First of all: thank you, Steven and everyone else involved, for taking on 
the task of starting to implement this long-missed (at least by me) feature 
!
I really hope the module will be a success and grow over time.
I have two thoughts at the moment about the implementation that I think may 
be worth discussing, if it hasn't happened yet (I have to admit I did not 
go through all previous posts on this topic, only read the PEP):

First: I am not entirely convinced by when the module raises Errors. In 
some places its undoubtedly justified to raise StatisticsError (like when 
empty sequences are passed to mean()).
On the other hand, should there really be an error, when for example no 
unique value for the mode can be found?
Effectively, that would force users to guard every (!) call to the function 
with try/except.
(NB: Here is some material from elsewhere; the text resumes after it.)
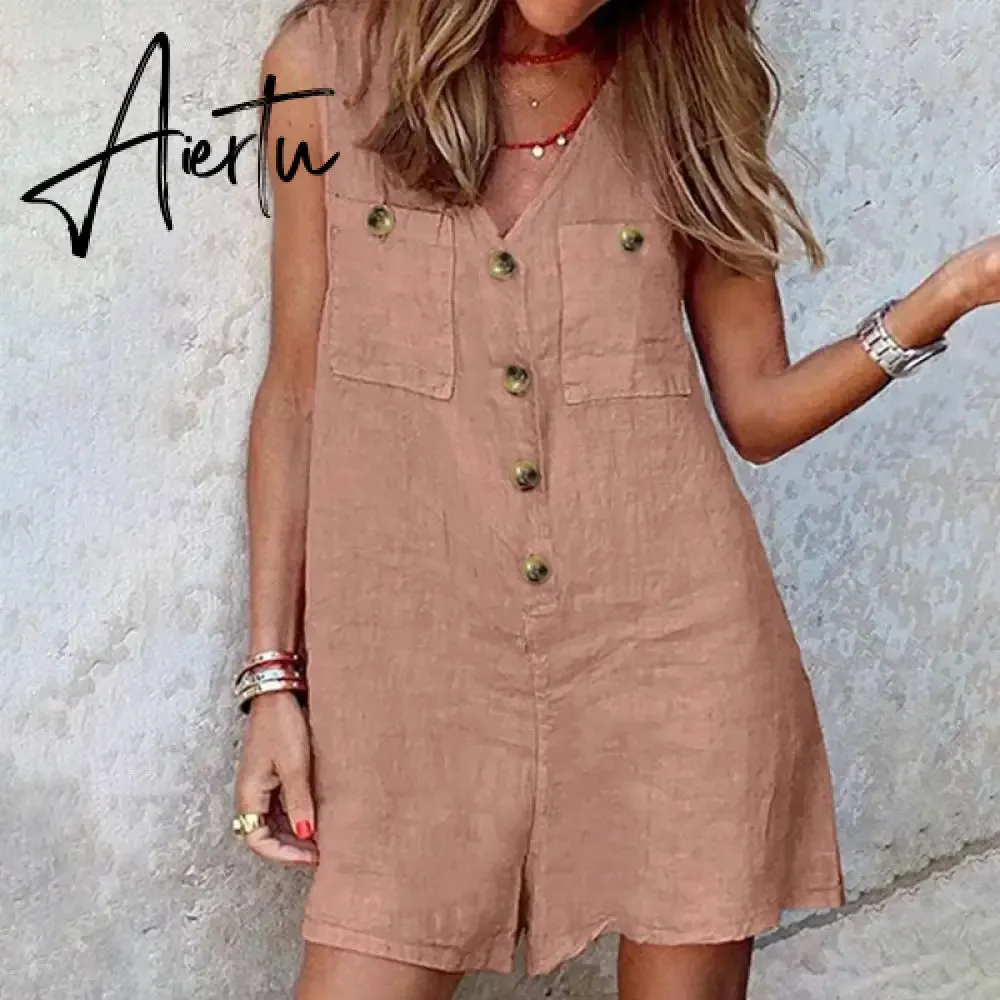 Aiertu  Stylish Women V Neck Sleeveless Rompers Summer Jumpsuits Short Playsuits Casual Solid Loose Beach Overalls Oversized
In my opinion, a better choice would be to return 
float('nan') or even better a module-specific object (call it Undefined or 
something) that one can check for. This behavior could, in general, be 
implemented for cases, where input can actually be handled and a result be 
calculated (like a list of values in the mode example), but this result is 
considered "undefined" by the algorithm.

Second: I am not entirely happy with the three different flavors of the 
median function. I *do* know that this has been discussed before, but I'm 
not sure whether *all* alternatives have been considered (the PEP only 
talks about the median.low, median.high syntax, which, in fact, I wouldn't 
like that much either. My suggestion would be to have a resolve parameter, 
by which the behavior of a single median function can be modified.
My main argument here is that as the module will grow in the future there 
will be many more such situations, in which different ways of calculating 
statistics are all totally acceptable and you would want to leave the 
choice to the user (the mode function can already be considered as an 
example: maybe the user would want to have the list of "modes" returned in 
case that no unambiguous value can be calculated; actually the current code 
seems to be prepared for later implementation of this feature because it 
does generate the list, just is not returning it). Now if, in all such 
situations, the solution is to have extra functions the module will soon 
end up completely cluttered with them. If, on the other hand, every 
function that will foreseeably have to handle ambiguous situations had a 
resolve parameter the module structure would be much clearer. In the median 
example you would then call median(data) for the default behavior, arguably 
the interpolation, but median(data, resolve='low') or median(data, 
resolve='high') for the alternative calculations. Statistically educated 
users could then guess, relatively easily, which functions have the resolve 
parameter and a quick look at the function's help could tell them, which 
arguments are accepted.

Finally, let me just point out that these are really just first thoughts 
and I do understand that these are design decisions about which different 
people will have different opinions, but I think now is still a good time 
to discuss them, while with an established and (hopefully :) ) much larger 
module you will not be able to change things that easily anymore.